▸ Work item
Beginning with the first line below, please restate each line exactly, down to and including the line containing "What to do after".

(Caption-style text data)
==================================================

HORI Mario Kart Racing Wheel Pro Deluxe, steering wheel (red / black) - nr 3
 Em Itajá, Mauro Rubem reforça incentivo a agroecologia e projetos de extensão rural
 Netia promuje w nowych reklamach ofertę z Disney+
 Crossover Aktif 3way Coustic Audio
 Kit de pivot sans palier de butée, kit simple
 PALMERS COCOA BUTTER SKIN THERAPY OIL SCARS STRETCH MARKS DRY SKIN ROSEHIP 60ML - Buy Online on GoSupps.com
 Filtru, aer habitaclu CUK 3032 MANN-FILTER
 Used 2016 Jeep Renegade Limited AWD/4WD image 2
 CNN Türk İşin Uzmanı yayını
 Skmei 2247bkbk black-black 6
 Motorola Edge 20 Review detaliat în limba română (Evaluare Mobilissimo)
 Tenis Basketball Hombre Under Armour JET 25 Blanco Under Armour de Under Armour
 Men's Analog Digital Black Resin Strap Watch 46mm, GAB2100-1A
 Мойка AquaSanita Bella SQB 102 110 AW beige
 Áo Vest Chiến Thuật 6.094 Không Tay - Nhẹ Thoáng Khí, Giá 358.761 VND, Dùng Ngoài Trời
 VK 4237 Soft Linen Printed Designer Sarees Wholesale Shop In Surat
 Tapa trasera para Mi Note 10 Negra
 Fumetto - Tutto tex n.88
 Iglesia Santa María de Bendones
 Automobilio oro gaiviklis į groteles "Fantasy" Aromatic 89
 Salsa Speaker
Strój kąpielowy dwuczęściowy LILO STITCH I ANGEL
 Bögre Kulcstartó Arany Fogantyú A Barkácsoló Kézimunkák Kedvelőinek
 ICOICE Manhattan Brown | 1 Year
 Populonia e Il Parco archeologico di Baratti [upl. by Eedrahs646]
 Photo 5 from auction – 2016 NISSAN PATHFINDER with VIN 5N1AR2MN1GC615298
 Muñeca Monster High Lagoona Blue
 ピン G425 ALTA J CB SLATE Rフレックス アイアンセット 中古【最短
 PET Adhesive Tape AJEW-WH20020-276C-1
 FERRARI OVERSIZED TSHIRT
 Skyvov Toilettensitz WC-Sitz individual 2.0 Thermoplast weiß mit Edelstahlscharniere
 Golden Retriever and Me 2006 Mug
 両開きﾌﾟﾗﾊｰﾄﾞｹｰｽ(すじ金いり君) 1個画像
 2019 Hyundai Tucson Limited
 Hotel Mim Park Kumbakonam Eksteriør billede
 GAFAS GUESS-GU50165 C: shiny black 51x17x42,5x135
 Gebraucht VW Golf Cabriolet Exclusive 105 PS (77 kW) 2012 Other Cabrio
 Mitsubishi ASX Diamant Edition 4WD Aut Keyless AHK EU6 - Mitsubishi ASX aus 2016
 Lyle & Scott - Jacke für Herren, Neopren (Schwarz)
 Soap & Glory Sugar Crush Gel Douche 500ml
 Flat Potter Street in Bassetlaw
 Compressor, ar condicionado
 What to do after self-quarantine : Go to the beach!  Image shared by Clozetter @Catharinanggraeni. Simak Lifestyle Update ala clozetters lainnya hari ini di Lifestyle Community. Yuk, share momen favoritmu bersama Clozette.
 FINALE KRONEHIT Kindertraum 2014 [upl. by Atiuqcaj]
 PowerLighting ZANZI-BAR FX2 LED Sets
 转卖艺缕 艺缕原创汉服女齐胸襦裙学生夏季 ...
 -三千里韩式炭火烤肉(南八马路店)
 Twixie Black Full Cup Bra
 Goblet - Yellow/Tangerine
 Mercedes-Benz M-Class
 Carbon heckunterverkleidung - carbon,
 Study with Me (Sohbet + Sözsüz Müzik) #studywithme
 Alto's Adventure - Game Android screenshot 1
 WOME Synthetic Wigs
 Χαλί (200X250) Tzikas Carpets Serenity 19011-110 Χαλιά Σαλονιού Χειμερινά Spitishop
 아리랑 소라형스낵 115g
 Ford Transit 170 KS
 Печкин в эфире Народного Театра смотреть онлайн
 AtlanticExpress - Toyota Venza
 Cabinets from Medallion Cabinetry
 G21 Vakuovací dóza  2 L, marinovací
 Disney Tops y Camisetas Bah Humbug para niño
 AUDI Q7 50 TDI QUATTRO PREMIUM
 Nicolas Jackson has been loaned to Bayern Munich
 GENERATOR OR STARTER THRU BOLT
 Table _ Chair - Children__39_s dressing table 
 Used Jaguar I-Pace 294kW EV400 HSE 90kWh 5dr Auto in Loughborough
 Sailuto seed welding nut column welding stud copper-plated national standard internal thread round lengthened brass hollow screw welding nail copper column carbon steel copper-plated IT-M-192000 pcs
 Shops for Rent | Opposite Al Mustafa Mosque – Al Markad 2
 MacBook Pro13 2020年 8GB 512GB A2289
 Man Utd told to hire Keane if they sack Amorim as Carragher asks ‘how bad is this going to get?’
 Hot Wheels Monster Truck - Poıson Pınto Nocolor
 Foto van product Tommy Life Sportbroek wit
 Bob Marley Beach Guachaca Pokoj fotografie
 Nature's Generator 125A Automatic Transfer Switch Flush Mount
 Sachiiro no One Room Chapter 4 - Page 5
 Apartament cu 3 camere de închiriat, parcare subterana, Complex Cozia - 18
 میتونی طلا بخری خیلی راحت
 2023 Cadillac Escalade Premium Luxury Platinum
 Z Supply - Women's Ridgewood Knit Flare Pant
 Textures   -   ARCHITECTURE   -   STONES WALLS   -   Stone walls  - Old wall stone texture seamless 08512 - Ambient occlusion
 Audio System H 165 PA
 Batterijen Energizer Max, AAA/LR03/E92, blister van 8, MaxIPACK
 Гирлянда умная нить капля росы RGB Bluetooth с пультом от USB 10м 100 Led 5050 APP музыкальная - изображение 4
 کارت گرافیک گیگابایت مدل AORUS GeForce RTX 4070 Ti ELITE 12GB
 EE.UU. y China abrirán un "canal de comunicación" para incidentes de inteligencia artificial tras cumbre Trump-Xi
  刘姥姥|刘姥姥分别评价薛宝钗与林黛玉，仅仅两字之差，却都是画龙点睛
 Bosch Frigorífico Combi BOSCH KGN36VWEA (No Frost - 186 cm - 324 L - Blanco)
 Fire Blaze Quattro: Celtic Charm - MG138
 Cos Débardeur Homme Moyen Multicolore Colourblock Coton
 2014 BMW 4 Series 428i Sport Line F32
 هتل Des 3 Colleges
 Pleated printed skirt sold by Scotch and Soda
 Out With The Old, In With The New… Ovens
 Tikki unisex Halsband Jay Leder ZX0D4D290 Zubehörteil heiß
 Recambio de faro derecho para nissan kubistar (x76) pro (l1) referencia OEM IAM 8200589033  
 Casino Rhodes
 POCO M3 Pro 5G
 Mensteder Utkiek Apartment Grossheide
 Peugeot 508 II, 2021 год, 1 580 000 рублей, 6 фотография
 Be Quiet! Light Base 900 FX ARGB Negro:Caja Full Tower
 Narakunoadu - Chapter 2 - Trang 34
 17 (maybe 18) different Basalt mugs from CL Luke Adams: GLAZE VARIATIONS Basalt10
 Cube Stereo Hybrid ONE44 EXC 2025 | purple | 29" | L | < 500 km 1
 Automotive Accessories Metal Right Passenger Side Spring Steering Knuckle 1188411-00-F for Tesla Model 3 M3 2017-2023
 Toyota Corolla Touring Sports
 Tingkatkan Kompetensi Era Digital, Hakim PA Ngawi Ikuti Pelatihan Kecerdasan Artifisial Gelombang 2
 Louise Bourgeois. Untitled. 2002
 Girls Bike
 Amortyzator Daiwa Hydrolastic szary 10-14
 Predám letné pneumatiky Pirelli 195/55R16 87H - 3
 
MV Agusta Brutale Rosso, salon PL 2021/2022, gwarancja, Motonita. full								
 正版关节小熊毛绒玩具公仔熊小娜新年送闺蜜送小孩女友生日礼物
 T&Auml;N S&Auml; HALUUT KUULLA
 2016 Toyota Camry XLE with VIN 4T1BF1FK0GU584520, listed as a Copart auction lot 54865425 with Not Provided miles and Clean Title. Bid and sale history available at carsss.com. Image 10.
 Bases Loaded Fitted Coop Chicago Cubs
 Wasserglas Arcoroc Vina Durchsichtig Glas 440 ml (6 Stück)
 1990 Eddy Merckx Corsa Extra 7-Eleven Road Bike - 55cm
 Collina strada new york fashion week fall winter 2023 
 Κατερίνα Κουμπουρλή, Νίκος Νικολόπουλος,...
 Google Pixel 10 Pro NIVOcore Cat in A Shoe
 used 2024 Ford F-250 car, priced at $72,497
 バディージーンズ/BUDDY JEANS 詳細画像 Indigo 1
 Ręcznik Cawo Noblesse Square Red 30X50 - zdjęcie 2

==================================================

▸ Answer space
HORI Mario Kart Racing Wheel Pro Deluxe, steering wheel (red / black) - nr 3
 Em Itajá, Mauro Rubem reforça incentivo a agroecologia e projetos de extensão rural
 Netia promuje w nowych reklamach ofertę z Disney+
 Crossover Aktif 3way Coustic Audio
 Kit de pivot sans palier de butée, kit simple
 PALMERS COCOA BUTTER SKIN THERAPY OIL SCARS STRETCH MARKS DRY SKIN ROSEHIP 60ML - Buy Online on GoSupps.com
 Filtru, aer habitaclu CUK 3032 MANN-FILTER
 Used 2016 Jeep Renegade Limited AWD/4WD image 2
 CNN Türk İşin Uzmanı yayını
 Skmei 2247bkbk black-black 6
 Motorola Edge 20 Review detaliat în limba română (Evaluare Mobilissimo)
 Tenis Basketball Hombre Under Armour JET 25 Blanco Under Armour de Under Armour
 Men's Analog Digital Black Resin Strap Watch 46mm, GAB2100-1A
 Мойка AquaSanita Bella SQB 102 110 AW beige
 Áo Vest Chiến Thuật 6.094 Không Tay - Nhẹ Thoáng Khí, Giá 358.761 VND, Dùng Ngoài Trời
 VK 4237 Soft Linen Printed Designer Sarees Wholesale Shop In Surat
 Tapa trasera para Mi Note 10 Negra
 Fumetto - Tutto tex n.88
 Iglesia Santa María de Bendones
 Automobilio oro gaiviklis į groteles "Fantasy" Aromatic 89
 Salsa Speaker
Strój kąpielowy dwuczęściowy LILO STITCH I ANGEL
 Bögre Kulcstartó Arany Fogantyú A Barkácsoló Kézimunkák Kedvelőinek
 ICOICE Manhattan Brown | 1 Year
 Populonia e Il Parco archeologico di Baratti [upl. by Eedrahs646]
 Photo 5 from auction – 2016 NISSAN PATHFINDER with VIN 5N1AR2MN1GC615298
 Muñeca Monster High Lagoona Blue
 ピン G425 ALTA J CB SLATE Rフレックス アイアンセット 中古【最短
 PET Adhesive Tape AJEW-WH20020-276C-1
 FERRARI OVERSIZED TSHIRT
 Skyvov Toilettensitz WC-Sitz individual 2.0 Thermoplast weiß mit Edelstahlscharniere
 Golden Retriever and Me 2006 Mug
 両開きﾌﾟﾗﾊｰﾄﾞｹｰｽ(すじ金いり君) 1個画像
 2019 Hyundai Tucson Limited
 Hotel Mim Park Kumbakonam Eksteriør billede
 GAFAS GUESS-GU50165 C: shiny black 51x17x42,5x135
 Gebraucht VW Golf Cabriolet Exclusive 105 PS (77 kW) 2012 Other Cabrio
 Mitsubishi ASX Diamant Edition 4WD Aut Keyless AHK EU6 - Mitsubishi ASX aus 2016
 Lyle & Scott - Jacke für Herren, Neopren (Schwarz)
 Soap & Glory Sugar Crush Gel Douche 500ml
 Flat Potter Street in Bassetlaw
 Compressor, ar condicionado
 What to do after self-quarantine : Go to the beach!  Image shared by Clozetter @Catharinanggraeni. Simak Lifestyle Update ala clozetters lainnya hari ini di Lifestyle Community. Yuk, share momen favoritmu bersama Clozette.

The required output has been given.